- Born: 7 December 1923 Edinburgh, Scotland
- Died: 1 September 2007 (aged 83)
- Known for: World Authority on porphyria, and a leading expert on lead poisoning
- Awards: KBE, MD, DSc FRCP, FRSE
- Scientific career
- Fields: Clinical pharmacology, therapeutics and toxicology

= Abraham Goldberg =

British medical professor

Sir Abraham Goldberg (7 December 1923 – 1 September 2007) was a British physician who was a Regius Professor of the Practice of Medicine at the University of Glasgow. He was educated at George Heriot's School in Edinburgh and the University of Edinburgh.

==Early life==
Sir Abraham (Abe) Goldberg was born in Edinburgh on 7 December 1923, the youngest of five children of Ashkenazi Jewish émigrés of Lithuanian-Jewish and Ukrainian-Jewish origins.

==Career==
After junior hospital medical posts and national service with the Royal Army Medical Corps in Egypt, Goldberg obtained a Nuffield fellowship in the Department of Chemical Pathology at University College Hospital, London. Here he worked with the Professor of Chemical Pathology, Claude Rimmington, in learning the techniques which were to underpin his future research studies on the blood pigment haem and its relation to the disease porphyria. After a year and a half spent on an Eli Lilly travelling fellowship in Salt Lake City with the haematologist Max Wintrobe,

Goldberg returned to Scotland in 1956. He obtained his MD from the University of Edinburgh at this time, with his thesis Acute intermittent porphyria, and began working as a lecturer in medicine in the Department of Medicine of the University of Glasgow, where he was to spend the remainder of his professional career.

The mid-1960s saw him being awarded DSc and securing a Personal Chair in the Department of Medicine, Western Infirmary, University of Glasgow. As editor of the Scottish Medical Journal in 1962-63, he presided over the initiation of a special series on Scottish medical education which was published in book form in April 1963. Subsequent to this, over the next 20 years, he made contributions to the development of medical education through, for example, the production of a bedside teaching manual for medical students (known as "the green book"), the production of a clinical examination slide-tape series (with Albert Yeung), and a major paper on the future of Scottish medical education in the Health Bulletin, in addition to his bedside teaching, lectures and supervision of students undertaking postgraduate degrees.
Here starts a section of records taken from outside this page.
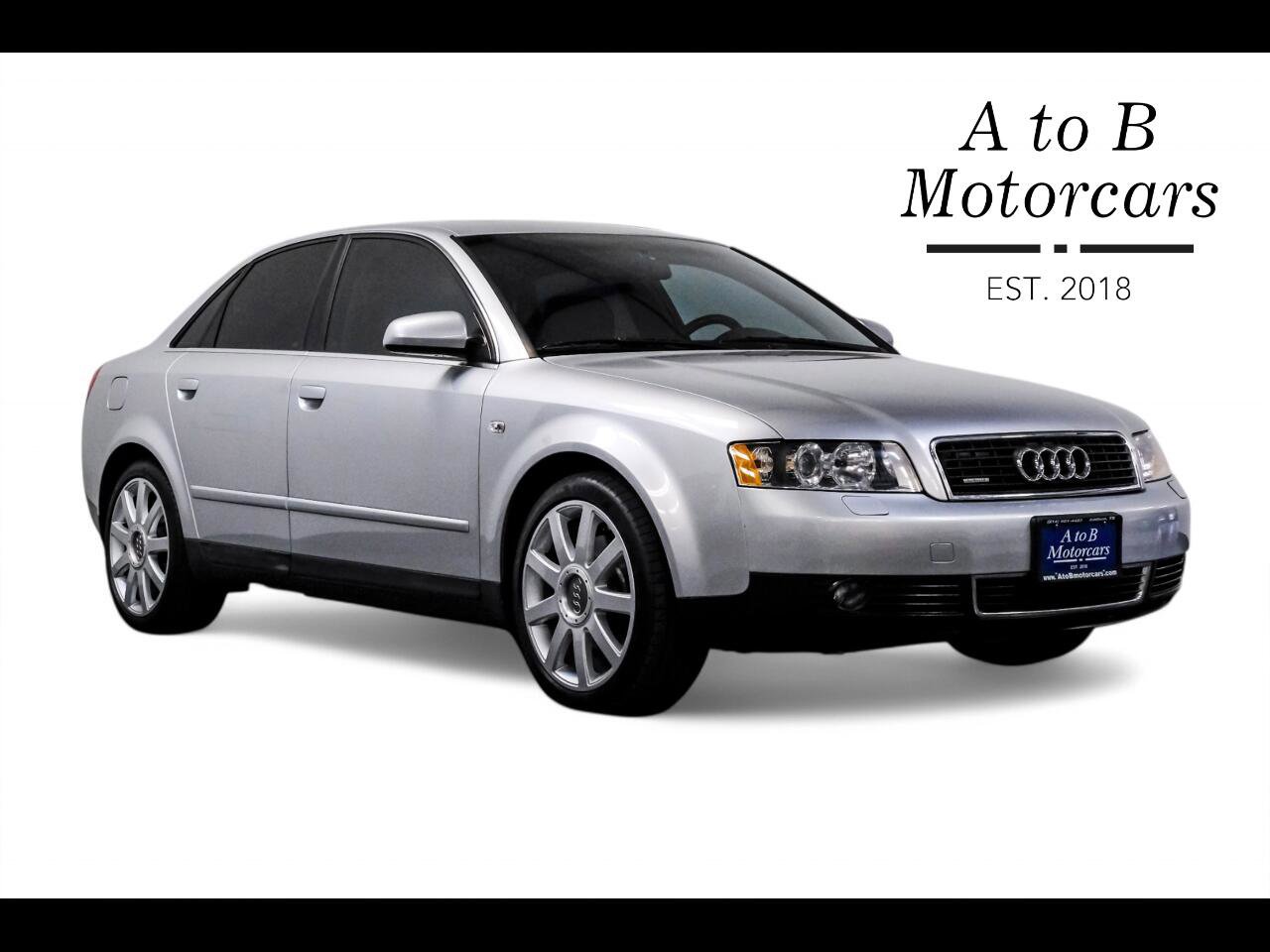Used 2003 Audi A4 3.0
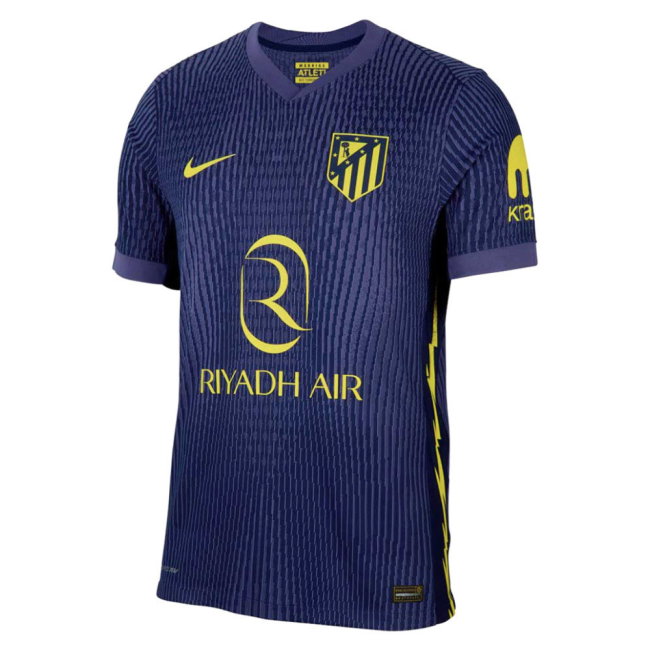 2025-2026 Atletico Madrid Authentic Away Shirt (Lemar 11)-SoccerKits Hub | Buy Soccer Jerseys Online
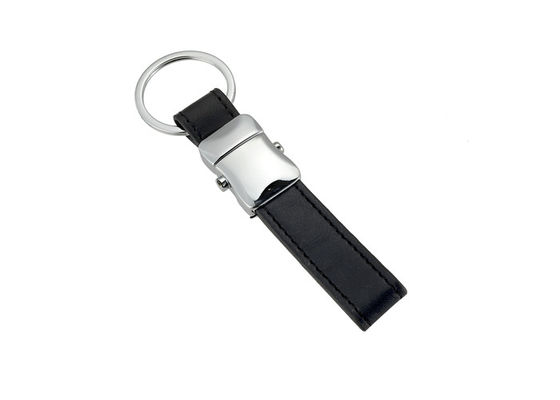 Bon prix Laser gravant l'épaisseur du porte-clés 9mm de cuir de Mini Key Holder Souvenir Personalised en ligne
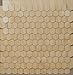 Miniature Dollhouse Shingle Strips Hexagon Style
He became a world authority on porphyria, and a leading expert on lead poisoning, being influential in improving the safety of the water supply to Glasgow. He was appointed to the Regius Chair of Materia Medica, Stobhill Hospital in 1970, succeeding Stanley Alstead. He built up the Department of Materia Medica and supervised Brian Whiting, later to be Dean of the Faculty of Medicine, in the development of a drug interaction disc which ultimately was distributed to all practising doctors in the UK.

This activity, together with other work on pharmacodynamics, laid the foundation for later achievements including the chairmanship of the Committee on the Safety of Medicines and the Founding Presidency of the Faculty of Pharmaceutical Medicine of the Royal Colleges of Physicians of the UK. His work on lead poisoning, an interest of his in the 1960s, continued while at Stobhill Hospital and he was an influential figure in promoting a safer, lead-free water supply to the people of Glasgow. In 1974, he was responsible for establishing the West of Scotland Alcohol Research Group; he was interested in research associated with alcohol and, indeed, he was also a former member of the Scottish Council on Alcoholism.

In 1978, following the death of Graeme Wilson, he was appointed to the Regius Chair of the Practice of Medicine, Western Infirmary, Glasgow. A year later he was invited to chair the UK Government's Committee on the Safety of Medicines.

In 1982, he was knighted for services to medicine.

==Personal life==

He married Clarice Cussin in 1957, with whom he had three children; Richard (Professor of Law at Durham University), David (Professor of Public Health at Glasgow Caledonian University) and Jennifer.